• **Task to complete**
Pictures excluded, please transcribe exactly the lines from the one with "X0000069831064200606161934" through the end of the records below, and nothing more.

• **Data for the task**
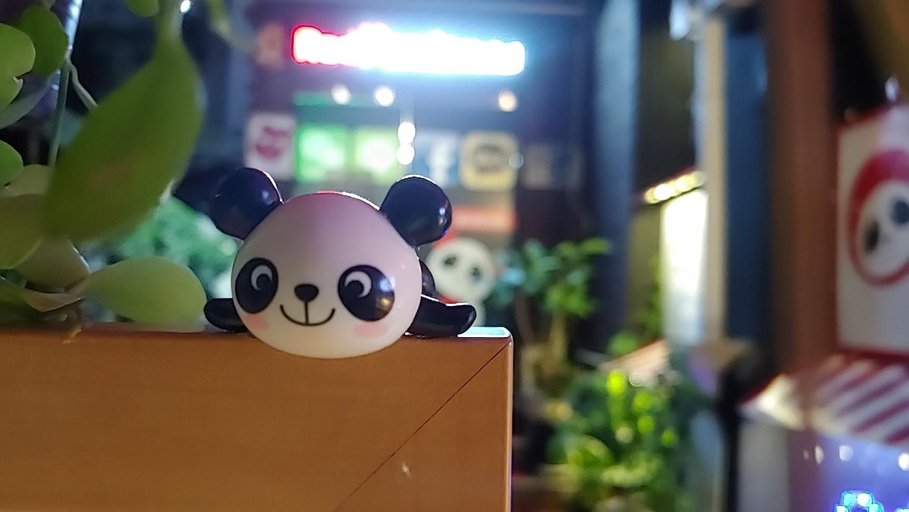 Others 4, Red Panda Hotel, Jung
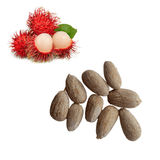 Rambutan Seeds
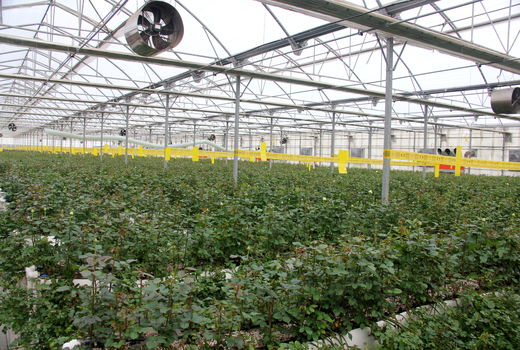 فرماندار فیروزکوه خواستار حمایت تمامی دستگاه ها از توسعه طرح های گلخانه ای شد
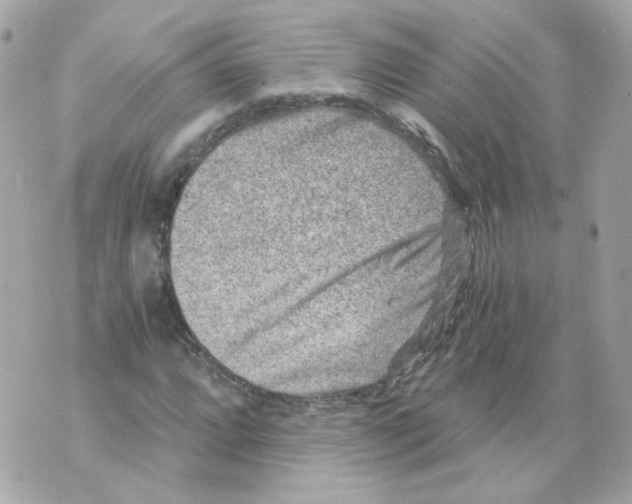 X0000069831064200606161934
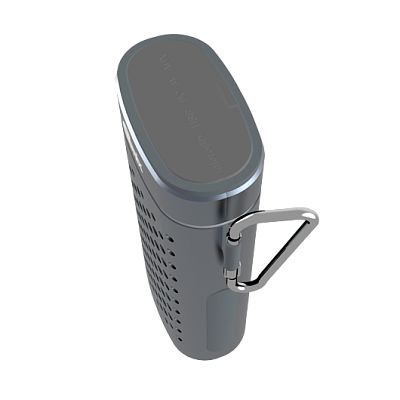 Портативная колонка RITMIX SP-440PB, серебро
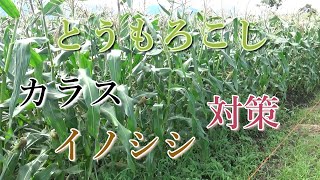 トウモロコシの鳥獣害対策について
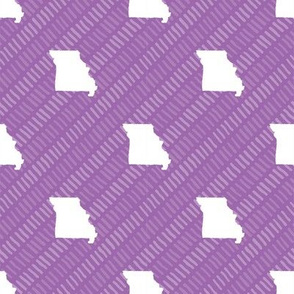 Missouri State Shape Pattern Purple and White Stripes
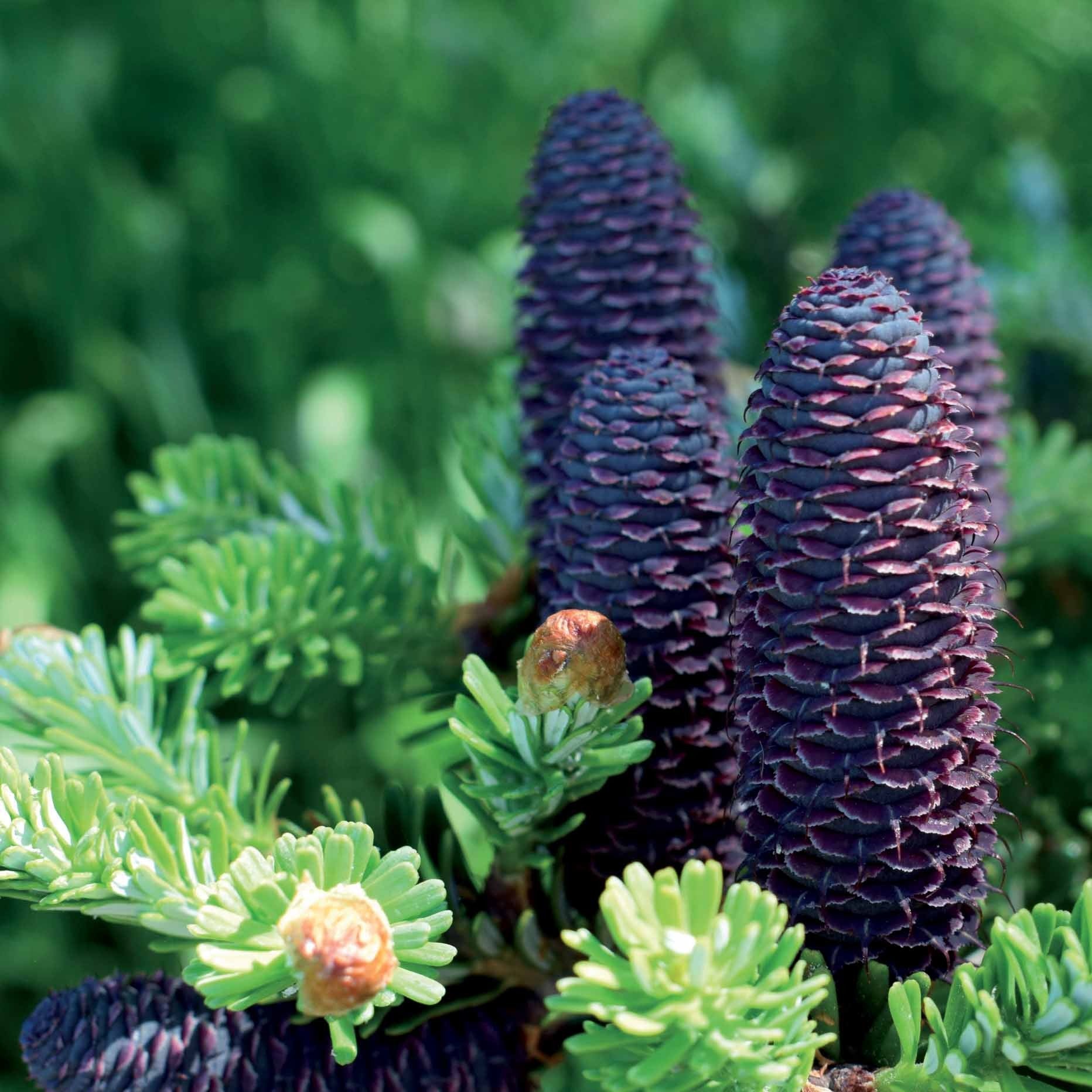 Koreatanne - Abies koreana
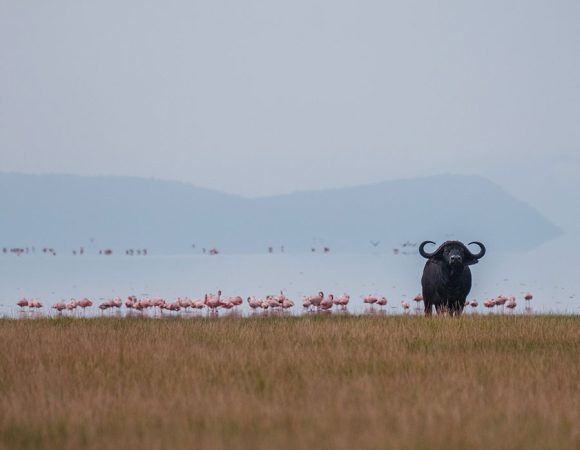 3 Days Tanzania Safari-Tarangire , Ngorongoro & Lake Manyara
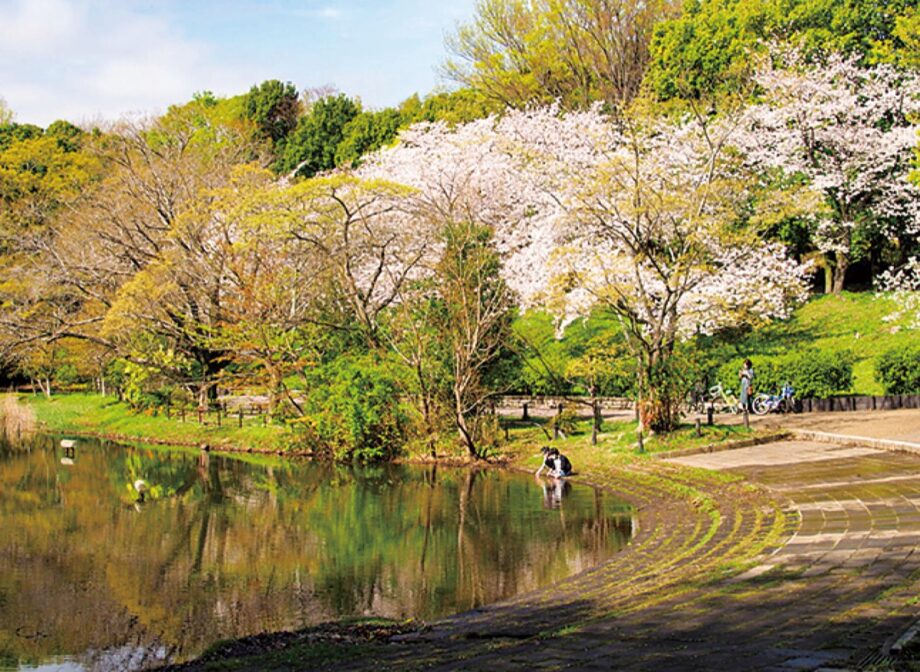 【横浜市都筑区】 3月31日 都筑をガイドする会 「ニュータウンの桜を鑑賞しよう！」申込先着順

• **Your response**
 X0000069831064200606161934
 Портативная колонка RITMIX SP-440PB, серебро
 トウモロコシの鳥獣害対策について
 Missouri State Shape Pattern Purple and White Stripes
 Koreatanne - Abies koreana
 3 Days Tanzania Safari-Tarangire , Ngorongoro & Lake Manyara
 【横浜市都筑区】 3月31日 都筑をガイドする会 「ニュータウンの桜を鑑賞しよう！」申込先着順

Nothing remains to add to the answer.